Antes de botar o pé na estrada para o Carnaval, anote no seu diário de bordo: para cidadãos da Roma antiga, uma viagem era um desafio ao destino. E aos caprichos dos deuses. As entranhas de animais sacrificados precisavam ser examinadas regularmente, sonhos interpretados, o mundo natural constantemente observado em busca de presságios. Notícias de peixes sendo encontrados em campos arados; abelhas se aglomerando no telhado de um templo; até o saleiro fora do lugar era motivo para cancelar uns dias de férias no litoral. 

O imperador Augusto abandonou uma viagem ao Egito quando, acidentalmente, tropeçou e rasgou sua toga. Era um exagero, mas Augusto era um exagerado: passava um dia por ano mendigando pelas ruas de Roma porque havia sido instruído a fazê-lo em um sonho. 

Igual a Curitiba, o calor do Mediterrâneo esvaziava Roma e o mundo dos césares partia em excursão para a praia. O litoral dos romanos era um bacanal vinte e quatro horas que atraía turistas aos montes para os balneários, onde imperava uma devassidão hercúlea. Naquele vale-tudo de areias escaldantes, foram os romanos que exploraram pela primeira vez o aluguel de casas, essencial para o turismo de hoje. 

Entre banquetes e orgias sexuais, o estudioso e polígrafo romano Varrão deixou seus protestos no papiro: “Mulheres solteiras são propriedade comum, homens idosos agem como jovens rapazes e muitos rapazes, como se fossem moças”.  O moralista Sêneca foi mais longe: “Cidadãos respeitáveis tinham o hábito de convidar prostitutas para sair em grandes barcas, cobrindo as ondas com guirlandas de pétalas de rosas e competindo uns com os outros, bêbados, em concurso de cantos”. 

Esses cantos deveriam ser o samba-enredo da época. A Baía de Napoli tornou-se o supremo teatro e o Vesúvio virou a “Cratera da luxúria”. Escondidos em meio a penhascos escarpados, acariciados pelas brisas frescas de Netuno, os veranistas comiam, bebiam e fornicavam. Tudo em doses cavalares. Assim como na Ilha do Mel, os viajantes alugavam pousadas nas ilhotas do Mediterrâneo e, depois de navegar em círculos com luxuosas embarcações, o sexo grupal rolava na areia. 

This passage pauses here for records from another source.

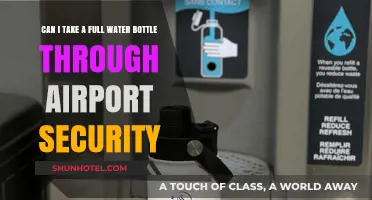 Airport Security and Water Bottles: What You Need to Know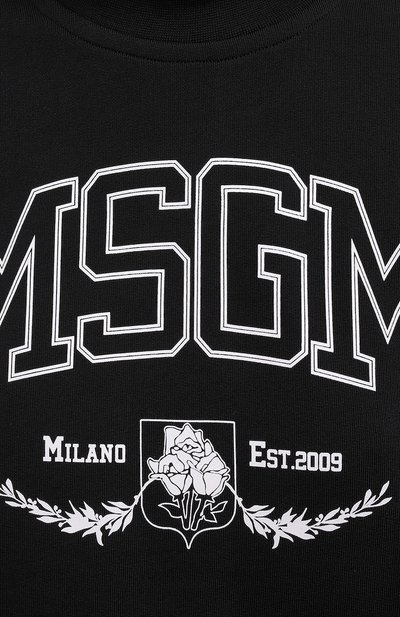 Хлопковый свитшот MSGM, арт. 3141MDM73 217799, фото 5
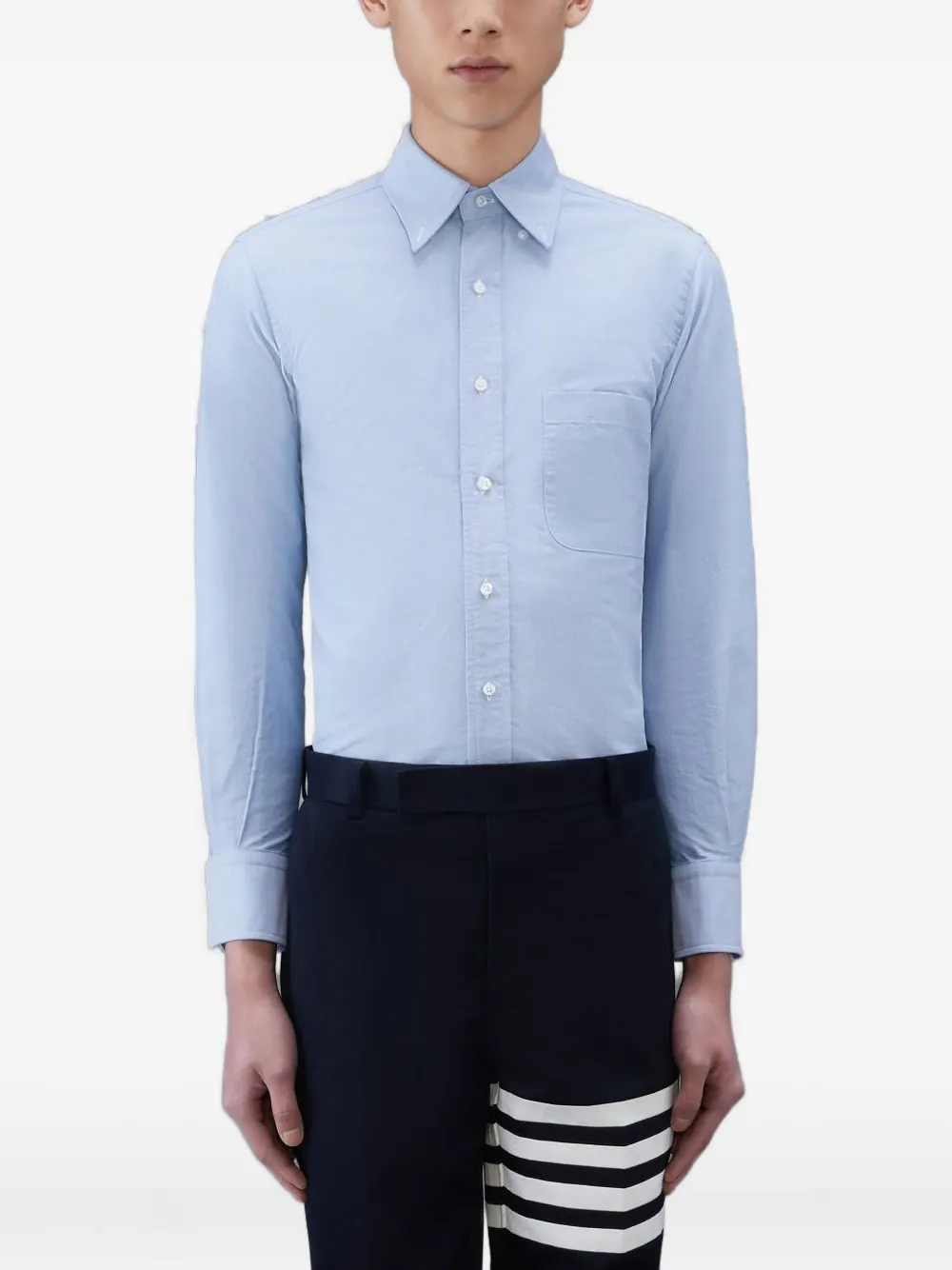 Thom Browne oxford long-sleeve button-down shirt | Blue | Image 1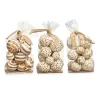 Dekoratīvo bumbu komplekts Gift Decor Balts Brūns 14 x 31 x 10 cm (12 gb.)
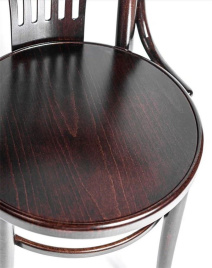 Стул венский Uranus (темный орех) жесткое сиденье фото 3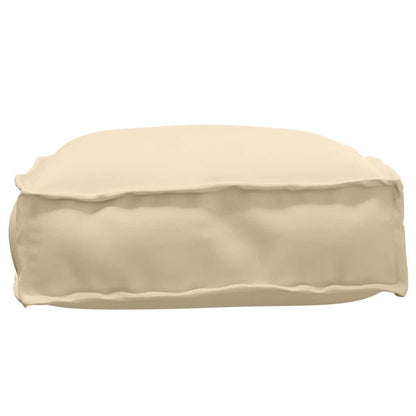 Kussen Beige 60 x 40 x 8 cm Oxford Stof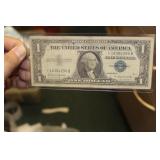 1957 $1.00 Blue Seal Star Note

Mas, o que era doce se acabou. Como sempre, as invasões bárbaras dos alpinistas sociais não deixam pedra sobre pedra. Ou mármore sobre mármore. A suruba passou a ser regida pelos novos ricos, cuja extravagância despudorada foi muito além dos limites. Os grupos de libertinos de baixo caráter moral deixavam Calígula ruborizado. Afinal, até bacanal tem os seus limites.

Sexta-feira de Carnaval sempre foi um dia de dúvida cruel para o curitibano: fico ou não fico, viajo ou não viajo. Inspirado nos romanos, consulte o horóscopo antes de viajar e, na quarta-feira de cinzas, não deixe de confessar os seus pecados na missa da Catedral.